# Work required:
Identify every line in the records below that contains the word "Real", and copy each of those lines.

Data records:
___

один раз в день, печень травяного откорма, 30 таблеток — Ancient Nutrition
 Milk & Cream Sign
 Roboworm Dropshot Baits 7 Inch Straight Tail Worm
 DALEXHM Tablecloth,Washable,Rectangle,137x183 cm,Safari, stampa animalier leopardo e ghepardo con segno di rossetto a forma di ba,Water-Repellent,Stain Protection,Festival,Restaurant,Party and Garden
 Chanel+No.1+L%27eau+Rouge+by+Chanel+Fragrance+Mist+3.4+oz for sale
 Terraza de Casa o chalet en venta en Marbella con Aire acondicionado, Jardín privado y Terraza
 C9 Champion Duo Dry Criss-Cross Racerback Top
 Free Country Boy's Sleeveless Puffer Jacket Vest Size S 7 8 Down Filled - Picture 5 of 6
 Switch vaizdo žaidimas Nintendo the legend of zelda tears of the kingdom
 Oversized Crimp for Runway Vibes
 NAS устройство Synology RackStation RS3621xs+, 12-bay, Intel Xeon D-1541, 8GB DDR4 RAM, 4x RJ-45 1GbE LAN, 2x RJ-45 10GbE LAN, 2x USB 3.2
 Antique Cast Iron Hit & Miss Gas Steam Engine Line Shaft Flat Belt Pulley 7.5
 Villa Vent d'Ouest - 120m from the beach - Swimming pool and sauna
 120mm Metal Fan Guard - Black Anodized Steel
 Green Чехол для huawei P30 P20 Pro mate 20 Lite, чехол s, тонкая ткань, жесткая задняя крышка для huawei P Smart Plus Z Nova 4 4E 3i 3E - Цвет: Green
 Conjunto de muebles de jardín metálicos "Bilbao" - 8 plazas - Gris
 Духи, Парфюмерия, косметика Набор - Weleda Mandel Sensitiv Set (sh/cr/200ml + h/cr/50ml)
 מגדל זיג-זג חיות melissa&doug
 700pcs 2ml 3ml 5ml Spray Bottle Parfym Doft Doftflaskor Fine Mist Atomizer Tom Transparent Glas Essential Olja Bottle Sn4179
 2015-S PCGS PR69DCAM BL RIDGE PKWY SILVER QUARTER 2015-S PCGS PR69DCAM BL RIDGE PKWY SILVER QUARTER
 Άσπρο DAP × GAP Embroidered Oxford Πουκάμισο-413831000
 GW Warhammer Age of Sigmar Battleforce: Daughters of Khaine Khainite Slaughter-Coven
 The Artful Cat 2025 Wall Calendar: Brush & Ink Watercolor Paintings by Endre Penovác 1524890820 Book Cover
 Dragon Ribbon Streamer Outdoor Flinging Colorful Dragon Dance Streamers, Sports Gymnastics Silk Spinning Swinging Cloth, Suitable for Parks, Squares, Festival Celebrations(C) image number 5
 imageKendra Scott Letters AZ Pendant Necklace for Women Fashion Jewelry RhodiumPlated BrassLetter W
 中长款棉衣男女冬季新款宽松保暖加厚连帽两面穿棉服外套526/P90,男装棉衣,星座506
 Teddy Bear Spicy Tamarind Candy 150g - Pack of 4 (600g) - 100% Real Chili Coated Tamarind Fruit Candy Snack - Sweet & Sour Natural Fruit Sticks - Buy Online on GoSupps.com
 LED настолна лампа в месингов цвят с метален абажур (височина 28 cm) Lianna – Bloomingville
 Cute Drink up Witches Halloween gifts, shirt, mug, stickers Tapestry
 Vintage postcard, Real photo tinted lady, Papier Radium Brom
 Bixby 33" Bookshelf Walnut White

___

# Exercise output:
 Teddy Bear Spicy Tamarind Candy 150g - Pack of 4 (600g) - 100% Real Chili Coated Tamarind Fruit Candy Snack - Sweet & Sour Natural Fruit Sticks - Buy Online on GoSupps.com
 Vintage postcard, Real photo tinted lady, Papier Radium Brom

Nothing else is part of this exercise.